Short web captions
....................

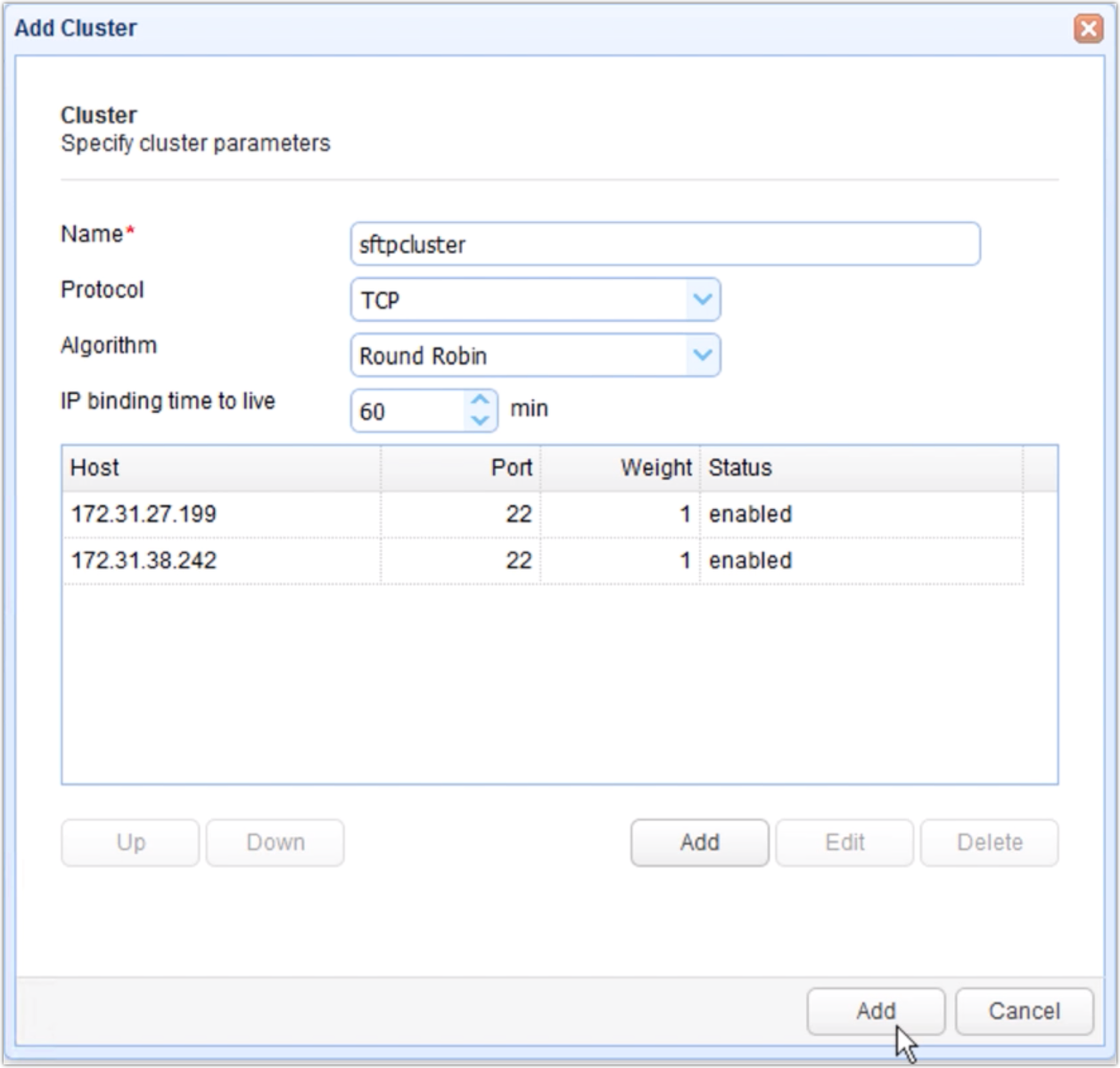 2 hosts in ha cluster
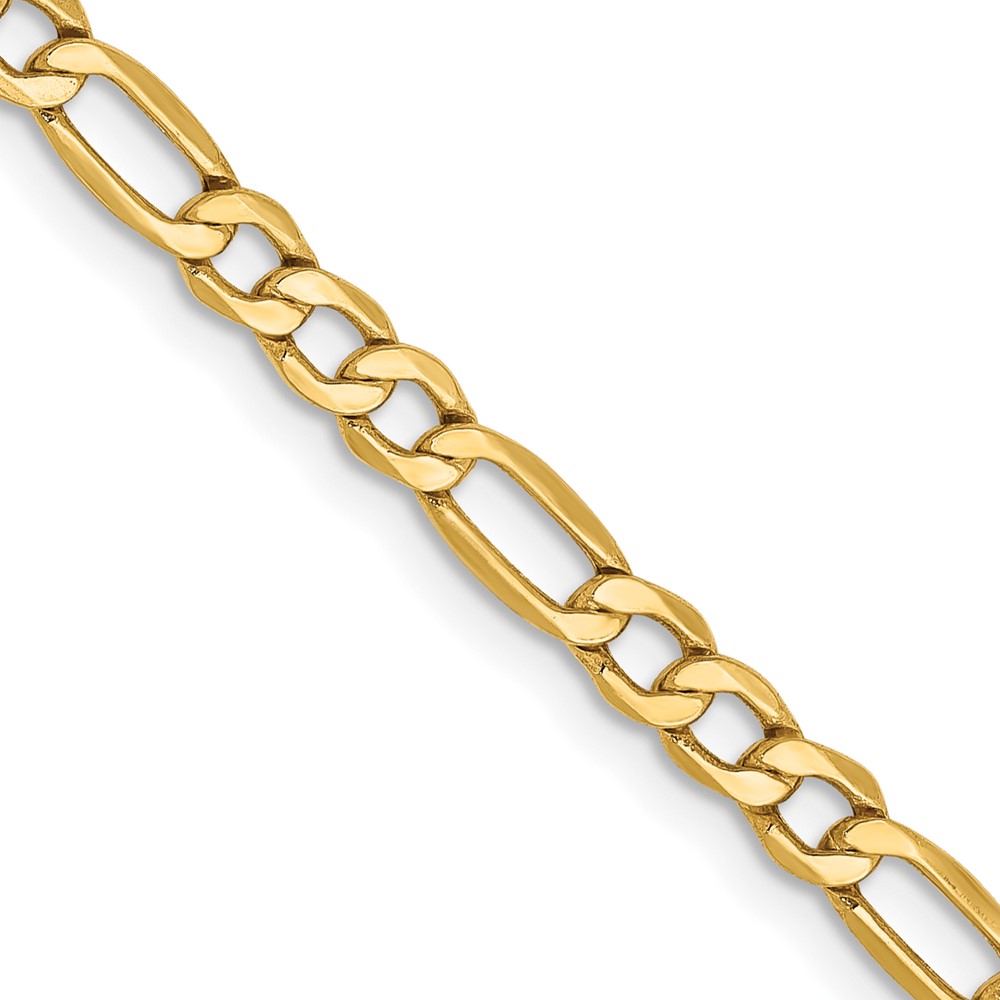 10k 3.5mm Semi-Solid Figaro Chain - Image 1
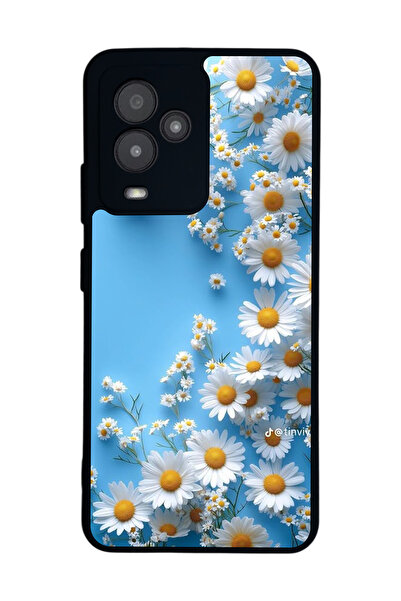 General Mobile متوافق مع GM 24 Pro مطبوع، أسود غير لامع، سيليكون ناعم، واقي، ...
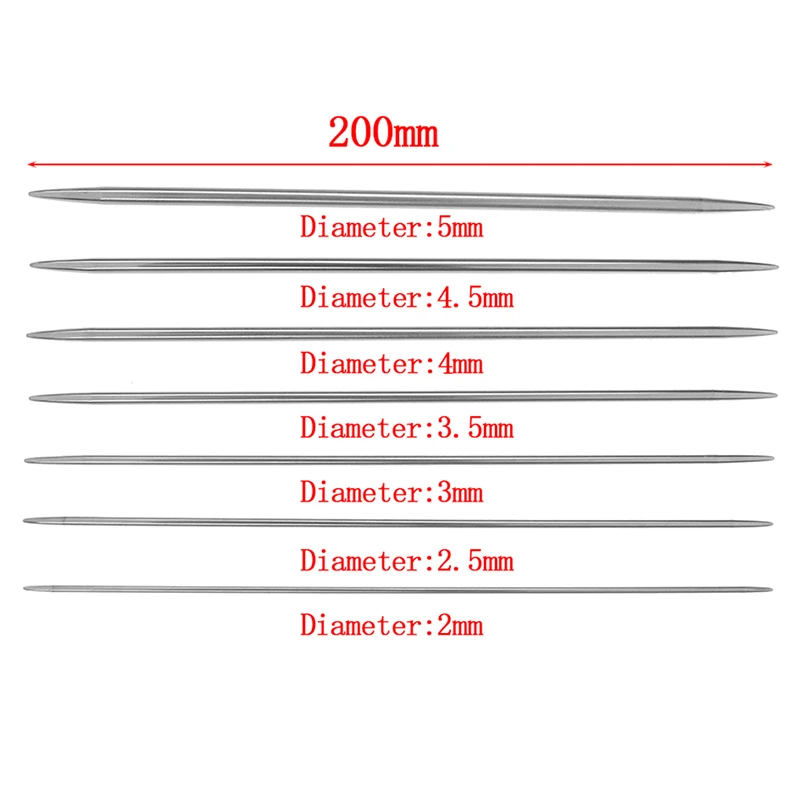 20 см 35 шт./компл. крючки для вязания из нержавеющей стали прямые вязальные спицы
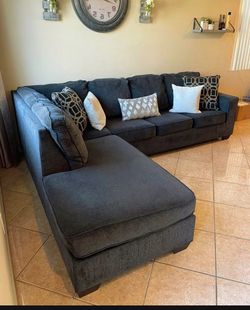 Beautiful Charcoal grey sectional couch from Ashley Furniture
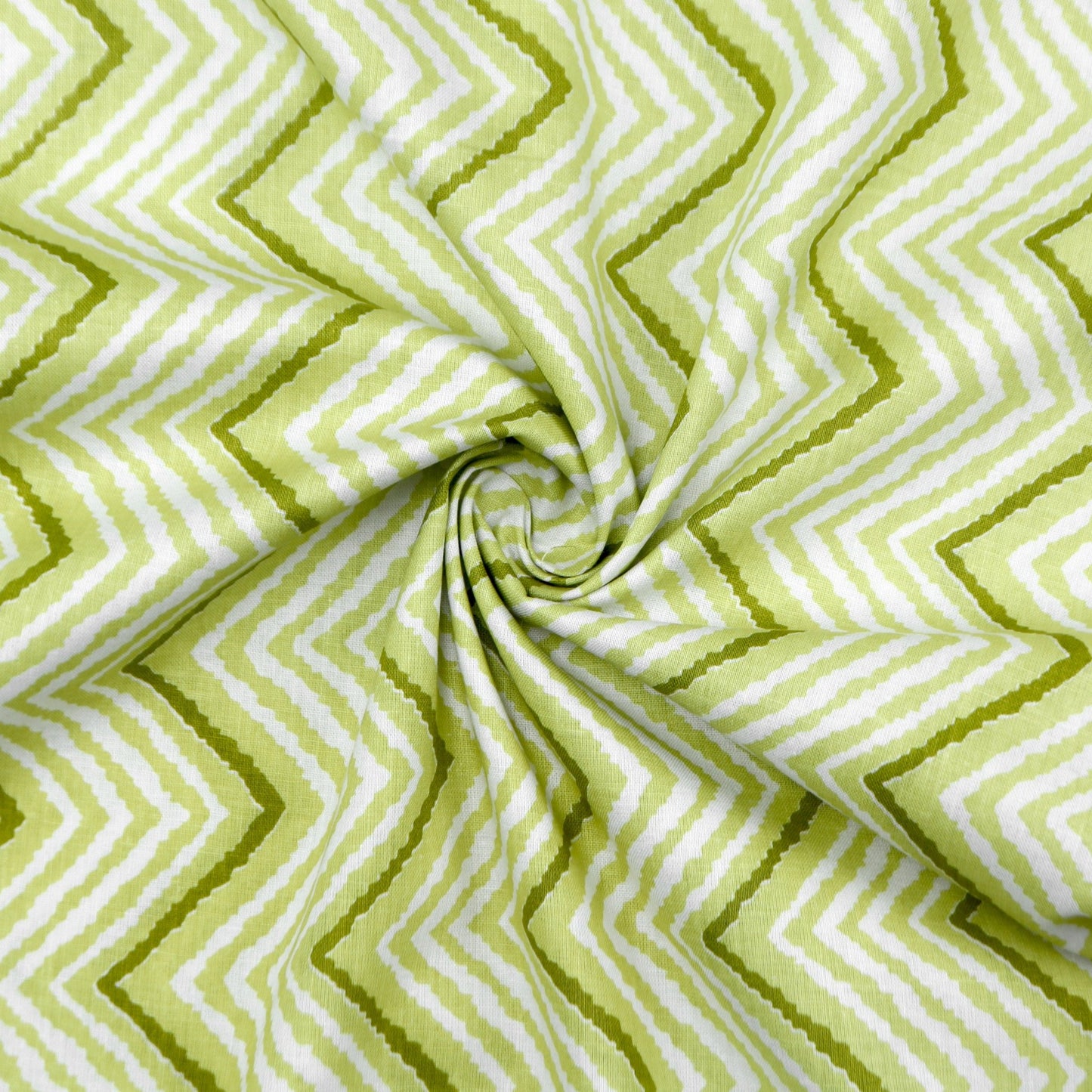 Zigline Rhythm Printed Cambric Fabric - Kapaas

....................

*What is expected:* Copy exactly the lines from the line that contains "20 см 35 шт./компл." through the last line of the records above, both ends included, but leave out the pictures.

*Answer space:*
 20 см 35 шт./компл. крючки для вязания из нержавеющей стали прямые вязальные спицы
 Beautiful Charcoal grey sectional couch from Ashley Furniture
 Zigline Rhythm Printed Cambric Fabric - Kapaas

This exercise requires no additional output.